§ **EXERCISE**:
In the material below, the required lines run from the one containing "Braided Leather Charm" through the one containing "Pet Feeding Mat-Absorbent". Copy those lines exactly, ends included, and nothing else.

§ **DATA**:
Segment Open
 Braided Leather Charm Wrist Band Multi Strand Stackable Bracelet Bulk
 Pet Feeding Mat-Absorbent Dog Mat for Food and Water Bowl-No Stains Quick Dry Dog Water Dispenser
Segment Closed
Segment Open
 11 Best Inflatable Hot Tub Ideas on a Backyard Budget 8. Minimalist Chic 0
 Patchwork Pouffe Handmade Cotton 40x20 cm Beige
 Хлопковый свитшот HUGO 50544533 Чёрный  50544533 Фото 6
Segment Closed
§ **YOUR RESPONSE**:
 Braided Leather Charm Wrist Band Multi Strand Stackable Bracelet Bulk
 Pet Feeding Mat-Absorbent Dog Mat for Food and Water Bowl-No Stains Quick Dry Dog Water Dispenser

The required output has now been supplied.